A experiência brasileira e internacional demonstra que setores de infraestrutura intensiva como petróleo e gás só prosperam quando existe um mecanismo estável para recompor expectativas frustradas e evitar que disputas técnicas sejam capturadas por agendas políticas. Casos como Newfield, Cowan e Parque das Baleias revelam que divergências entre órgãos ambientais, reguladores e concessionárias são inevitáveis; o que não pode ser inevitável é a instabilidade decorrente delas6.

É necessário criar uma camada adicional de governança que permita corrigir distorções, resolver impasses e proteger os efeitos econômicos de decisões administrativas sem que isso signifique precarização ambiental ou captura regulatória. A arbitragem, ao focar nos impactos patrimoniais e no equilíbrio contratual, evita que conflitos paralisem projetos estratégicos e preserva a confiança nas regras do jogo7.
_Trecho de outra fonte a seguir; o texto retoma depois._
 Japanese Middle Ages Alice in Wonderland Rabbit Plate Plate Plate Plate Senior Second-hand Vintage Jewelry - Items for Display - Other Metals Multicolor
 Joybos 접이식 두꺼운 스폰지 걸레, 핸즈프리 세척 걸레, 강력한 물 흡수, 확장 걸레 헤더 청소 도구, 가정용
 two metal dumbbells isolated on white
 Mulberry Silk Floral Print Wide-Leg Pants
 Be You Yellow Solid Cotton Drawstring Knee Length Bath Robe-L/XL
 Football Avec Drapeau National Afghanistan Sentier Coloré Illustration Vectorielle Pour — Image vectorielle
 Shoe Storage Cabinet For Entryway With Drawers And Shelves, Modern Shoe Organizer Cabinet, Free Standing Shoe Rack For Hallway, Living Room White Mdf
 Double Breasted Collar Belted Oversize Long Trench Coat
Ninguém duvida que a autorização para perfuração na Margem Equatorial marca um avanço importante. Mas também lança luz sobre o que ainda falta: coordenação institucional, clareza processual e mecanismos robustos de estabilidade contratual. Sem isso, o Brasil corre o risco de repetir velhos ciclos, isto é, ter avanços técnicos acompanhados de retrocessos regulatórios.
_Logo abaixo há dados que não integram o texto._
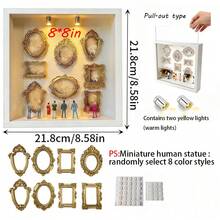 1 Set Kotak Siluet Museum Mini DIY - Rayakan Kenangan Berharga Anda dengan Cara Unik, Kit Bingkai Kotak Bayangan dengan Tampilan Foto yang Dapat Disesuaikan dan Figur Miniatur (Tanpa Listrik), Dekorasi Kenang-kenangan Unik yang Dipersonalisasi, Hadiah Halloween/Natal/Dekorasi Rumah - persegi 8 inci - View 11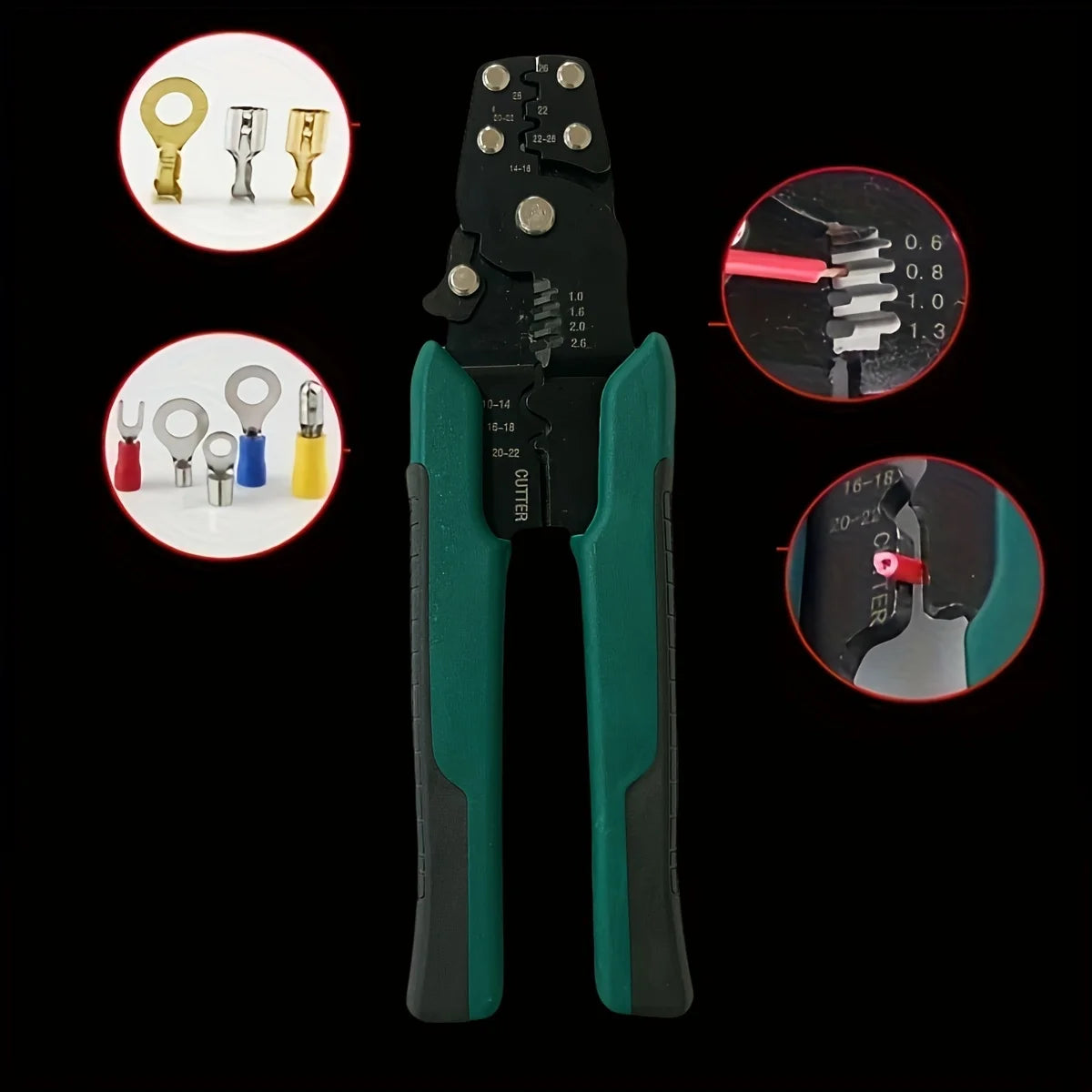 Crimp Terminal Pliers Set – U/O Electrical Wire Connectors Kit Peaceful Pleasures Health and Wellness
Se o país quiser se posicionar como protagonista na transição energética e atrair capital global para novas fronteiras, a lição é evidente: segurança ambiental e segurança jurídica não competem entre si. Elas se reforçam mutuamente. E a arbitragem, nesse arranjo, é a ponte que conecta ambas.

_______

1 Disponível aqui.

2 Disponível aqui e aqui.

3 Cf. WILLIAMS, Nnanke; ADETUYI, Adetayo. An overview of service contracts in the oil and gas industry. Lagos: Brooks & Knights Legal Consultants, 2020.

Cf. IYNEDJIAN, Marc. Gas Sale and Purchase Agreements under Swiss Law. ASA Bulletin, Geneva, v. 30, p. 746-757, 2012.

5 ARAGÃO, Alexandre Santos de. Direito do petróleo e do gás. Belo Horizonte: Fórum, 2021. p. 75.

6 Cf. a exposição de casos que fizemos em MAIA. Alberto Jonathas. A arbitragem no setor de petróleo e gás natural: complexidade contratual e racionalidade econômica. Revista dos tribunais, v. 1079, p. 25-65, 2025.

7 "No que se refere a avenças de maior dimensão econômica e de alta complexidade técnica, é sempre recomendável a adoção da via arbitral, como método de resolução de conflitos, em substituição à via judiciária. O pior cenário, no entanto, é o modelo atualmente em vigor no setor de produção e exploração de petróleo. Não é uma coisa e nem outra. Cabe resgatar, portanto, o modelo existente à época da rodada zero, promovendo-se, nas próximas rodadas da ANP, os ajustes necessários na redação da cláusula compromissória. Nada obstante, se isto não for possível, melhor então é reconhecer a competência do Poder Judiciário para dirimir os conflitos aplicáveis, excluindo-se, em definitivo, a via arbitral dos contratos de concessão celebrados no âmbito do segmento de óleo e gás." Cf. excelente texto sobre o tema SCHMIDT, Gustavo. A arbitragem no setor de óleo e gás. Considerações sobre as cláusulas compromissórias inseridas nos contratos de concessão celebrados pela ANP. Revista de Arbitragem e Mediação, v. 50 Sã Paulo: Editora Revista dos Tribunais, 2016.